## KJ4UTS one year ago What is the value of an investment of $6,835.69 at 3.88% interest compounded daily for 6 years? • This Question is Closed 1. KJ4UTS 2. Michele_Laino I'm sorry, I'm not good with financial mathematics 3. jebonna 1st year: 0.0388 x 6835.69 =$265.22 (2 decimal places) 6,835.69 + 265.22 = $7100.91 2nd year: 0.0388 x 7100.91 =$275.52 (2 decimal places) 7100.91 + 275.52 = $7376.43 3rd year: 0.0388 x 7376.43 =$286.21 (2 decimal places) 7376.43 + 286.21 = $7662.64 4th year: 0.0388 x 7662.64 =$297.31 (2 decimal places) 7662.64 + 297.31 = $7959.95 5th year: 0.0388 x 7959.95 =$308.85 (2 decimal places) 7959.95 + 308.85 = $8268.80 6th year: 0.0388 x 8268.80 =$320.83 (2 decimal places) 8268.80 + 320.83 = \$8589.63 Does this make sense?

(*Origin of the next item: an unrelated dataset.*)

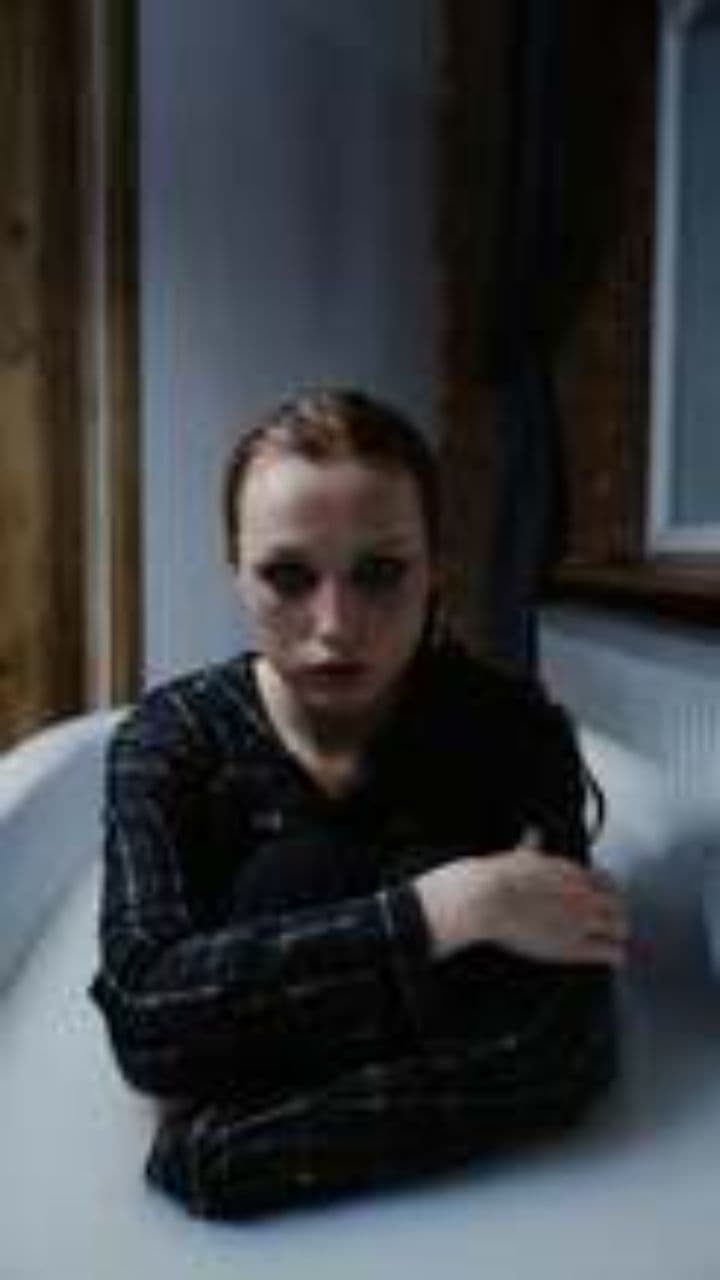 Oh, My Me Blue and Mommy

It's 3.88% interest on the new amount each year. I know this is closed, but I just thought I'd answer anyway haha. :)

4. jebonna

Im not sure if its right, considering it says daily o.o If not, I'm sorry xD But you might be able to work it out

5. IrishBoy123

Assuming the 3.88% is an annual rate, this is a pretty silly question the *wrong* way to calculate a daily rate r from an annual rate R is to say $$r = {R \over 365}$$ and so the answer to this question would be $$6,835.69 (1+{3.88\% \over 365})^{6 \times 365} = 8,627.42$$ the *correct* way is to say the daily $$r$$ follows from the fact that $$(1+r)^{365} = 1+ R$$ so $$r=(1+R)^{{1\over 365}}-1$$ but this means that the final amount $$A$$ of initial investment $$A_o$$ follows from $$A = A_o(1+r)^N = A_o((1+R)^{{1\over 365}})^N$$ where $$N = 6 \times 365$$ which is just $$A = A_o(1+R)^6 \quad \quad [= 6,835.69(1+3.88 \%)^6 = 8,589.62 ]$$ ie the correct way, decompounding for a daily rate and then compounding back, is a waste of time and you may as well just look at it annually.